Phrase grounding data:
= Beginning of Section =

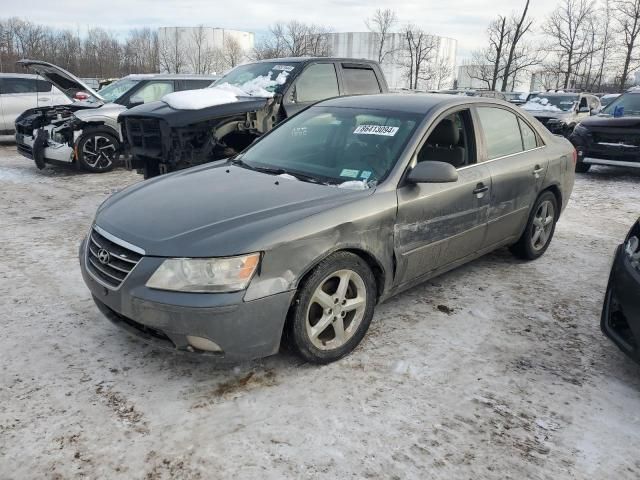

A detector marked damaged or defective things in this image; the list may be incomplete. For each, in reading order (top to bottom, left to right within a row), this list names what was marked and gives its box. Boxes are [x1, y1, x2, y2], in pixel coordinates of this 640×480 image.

damaged vehicle [14, 59, 218, 172]
damaged vehicle [120, 57, 390, 178]
damaged vehicle [524, 92, 600, 138]
damaged vehicle [568, 90, 640, 172]
damaged vehicle [79, 94, 576, 364]
damaged vehicle [600, 218, 640, 364]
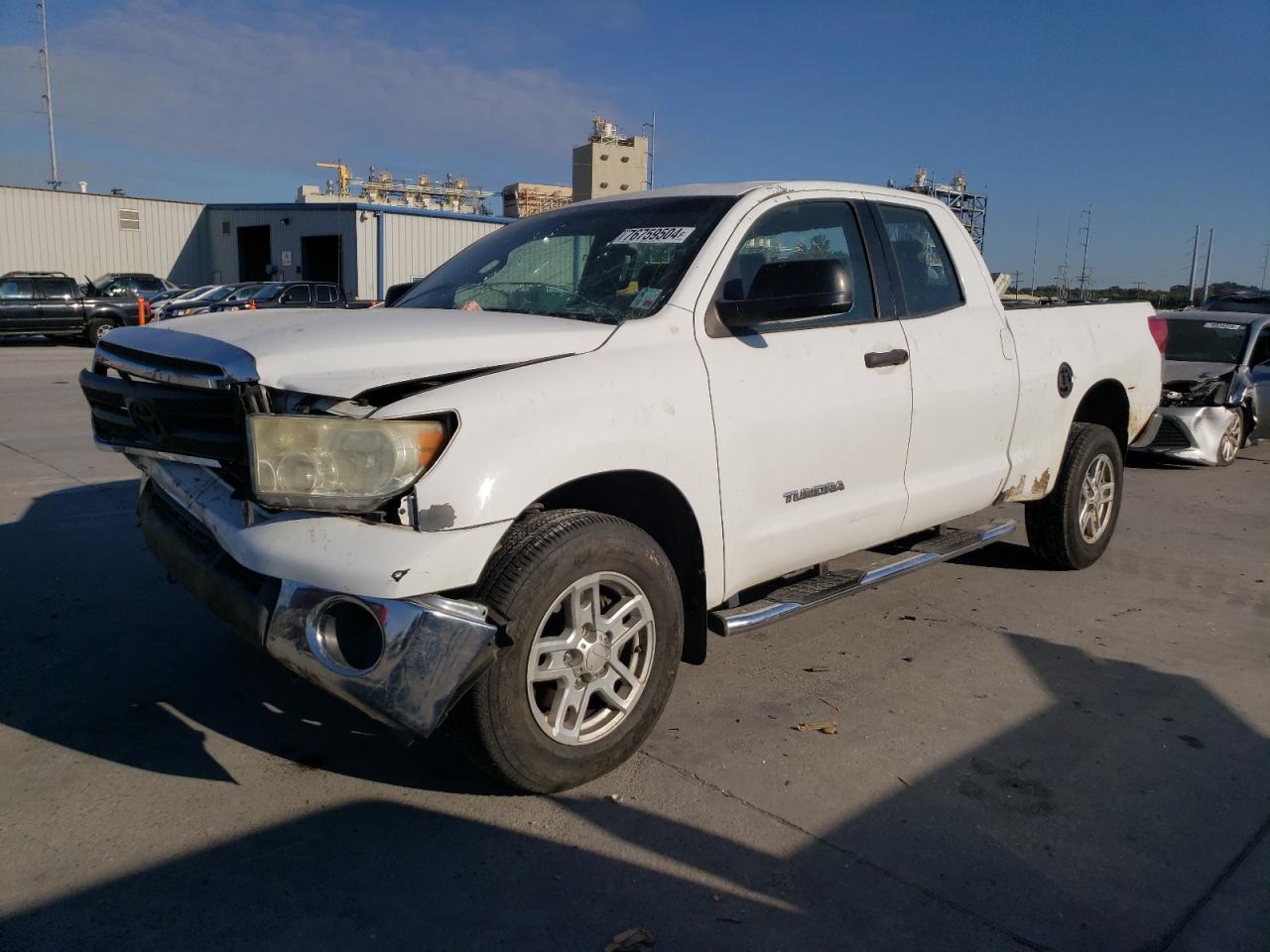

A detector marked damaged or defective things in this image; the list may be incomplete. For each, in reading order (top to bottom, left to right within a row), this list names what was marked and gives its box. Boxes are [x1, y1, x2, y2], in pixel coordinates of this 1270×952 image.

cracked front bumper [135, 480, 500, 742]
damaged white truck [84, 182, 1167, 793]
cracked front bumper [1127, 401, 1238, 464]
wrecked silver car [1135, 305, 1270, 464]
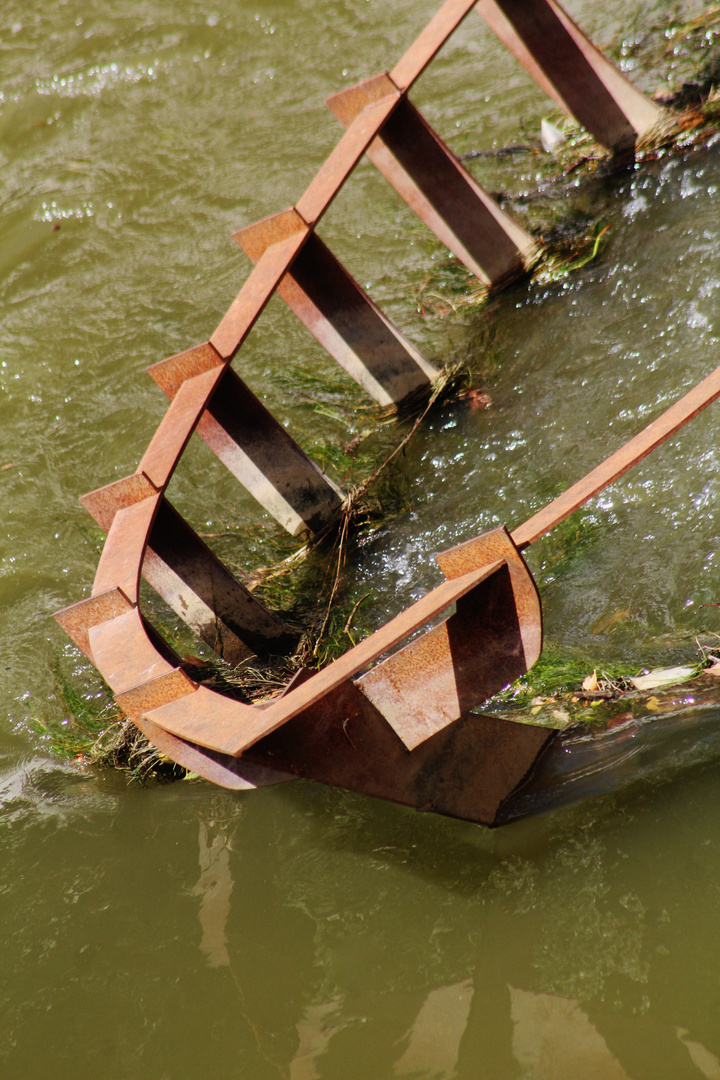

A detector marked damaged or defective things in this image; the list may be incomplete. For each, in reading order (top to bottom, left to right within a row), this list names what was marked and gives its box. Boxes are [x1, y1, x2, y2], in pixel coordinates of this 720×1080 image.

rusted steel bar [474, 0, 660, 152]
rusted steel bar [325, 76, 535, 287]
rusted steel bar [236, 212, 440, 406]
rusted steel bar [147, 354, 343, 540]
rusty metal frame [55, 2, 677, 825]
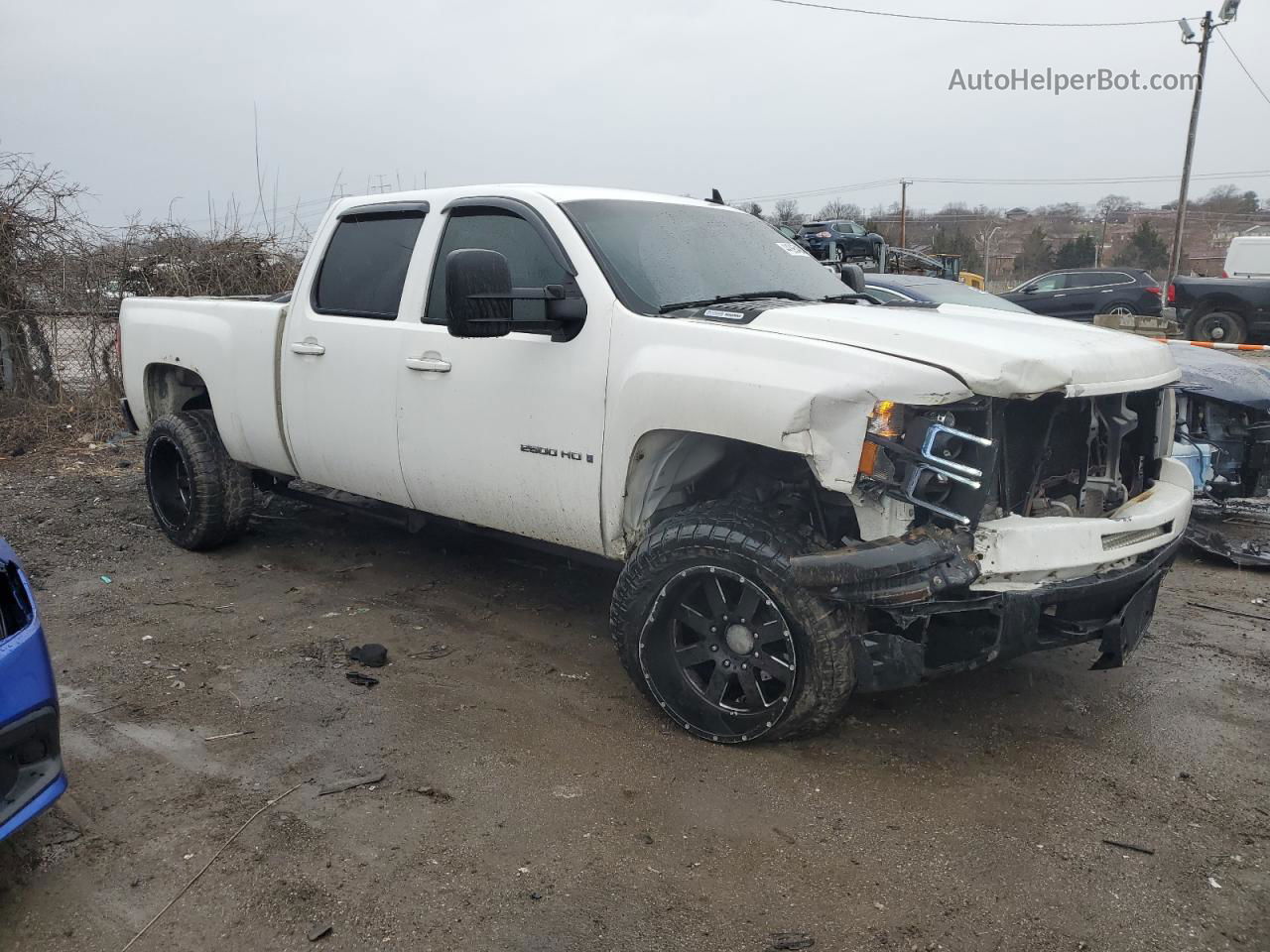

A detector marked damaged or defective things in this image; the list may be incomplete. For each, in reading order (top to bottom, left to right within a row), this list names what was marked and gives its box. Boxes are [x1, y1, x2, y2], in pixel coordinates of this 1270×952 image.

= End of Section =

• _Work to complete_
The answer must be a word-for-word copy of all the entries, containing no pictures.

• _Answer to this exercise_
A detector marked damaged or defective things in this image; the list may be incomplete. For each, in reading order (top to bottom, left to right within a row), this list names what was marked and gives its box. Boxes are [x1, y1, x2, y2], in pixel coordinates of this 640×480 image.

damaged vehicle [14, 59, 218, 172]
damaged vehicle [120, 57, 390, 178]
damaged vehicle [524, 92, 600, 138]
damaged vehicle [568, 90, 640, 172]
damaged vehicle [79, 94, 576, 364]
damaged vehicle [600, 218, 640, 364]

A detector marked damaged or defective things in this image; the list may be incomplete. For each, in reading order (top to bottom, left to right within a row), this list names what was marked and gives its box. Boxes are [x1, y1, x2, y2], in pixel coordinates of this 1270×952 image.

cracked front bumper [135, 480, 500, 742]
damaged white truck [84, 182, 1167, 793]
cracked front bumper [1127, 401, 1238, 464]
wrecked silver car [1135, 305, 1270, 464]

A detector marked damaged or defective things in this image; the list may be incomplete. For each, in reading order (top to bottom, left to right within a row), this list names what was marked and gives its box. Boxes are [x1, y1, x2, y2], in pixel coordinates of this 720×1080 image.

rusted steel bar [474, 0, 660, 152]
rusted steel bar [325, 76, 535, 287]
rusted steel bar [236, 212, 440, 406]
rusted steel bar [147, 354, 343, 540]
rusty metal frame [55, 2, 677, 825]

A detector marked damaged or defective things in this image; the list may be incomplete. For each, in reading order (top to bottom, left to right within a row), this list names what was marked and gives its box. Boxes are [x1, y1, x2, y2], in pixel coordinates of this 1270×952 image.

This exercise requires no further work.